The problem of allocating surplus with limited economic growth is one that has had a time-honored, consistent solution for those societies that are unable to give up the bloated excesses of their ruling classes: imperialism. It should be noted that Trump’s insistence on withdrawing the US military across the world wasn’t so much about non-intervention as securing better terms of payment for US support, to turn the US empire once again into a profit-making enterprise. Due to strategic nuclear arsenals, it is no longer possible to conduct the kind of wars that would vastly reduce foreign capital and competition to rubble, therefore saving profit rates from their inexorable decline. However, more extensive exploitation of natural resources and labor in Latin America and Africa is possible. The continued rise of petty-bourgeois power entails a movement away from the global trade system supported by the American military, and instead towards the old way of exclusive spheres of influence. 

Because of this necessity of imperialism to support such an “aristocracy”, this paradise for the gentry will still entail massive financial monopolies, only ones that are pointed outward rather than inward. This is necessary to impose the vast rents on the countries within the empire’s sphere of influence, to gorge on ever more labor time and resources. A never-ending primitive accumulation is the sublime American dream they so desire. A stillborn world, one where capitalism’s explicit social relations are suspended in time and the real logic of capital suppressed so as to prevent any threat to those same relations.
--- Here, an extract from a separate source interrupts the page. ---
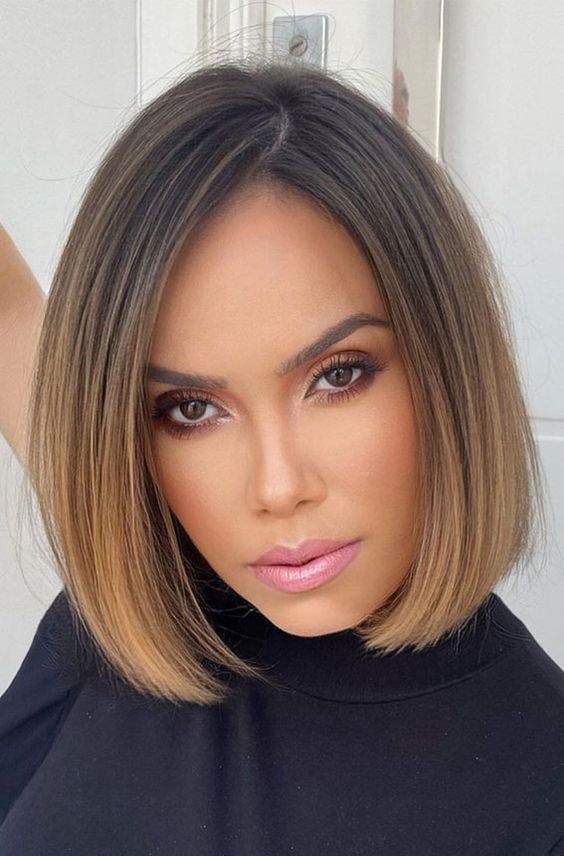 a stylish and elegant brunette chin length bob with an ombre effect with a caramel shade and side part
  1. Where is the Working Class?

The workers who did not vote, certainly did not move over to Trump’s camp. They largely did not participate. Here we should remember the words of Mike Davis in Prisoners of the American Dream:

In no other capitalist country is mass political abstentionism as fully developed as in the United States, where a ‘silent majority’ of the working class has sat out more than half the elections of the last century. Arguably, this mute, atomized protest is the historical correlative of the striking absence of an independent political party of the proletariat in the country that once invented both the labor party and May Day.

This political disillusionment and disorganisation of the American working class is primarily the product of a decades-long marriage between organised labour and the Democratic Party. A marriage which has brought the American working class to ruin. 

It would be a mistake to tail any kind of Democratic party led “resistance” to the Trump administration. This would simply be another popular front, another opportunity to draw the workers movement into the defence of liberal capitalism. Instead, communists must look to the politically disorganised and disengaged American working class, both native and immigrant, and seek to organise a broad struggle against racism, against patriarchy, and for workers power. Vitally, the American working class needs a party of their own, a socialist labour party that can lead the working class to political power. Only with the triumph of the American working class, and the creation of a new republic, can Trump and the world that created him be relegated to the dustbin of history.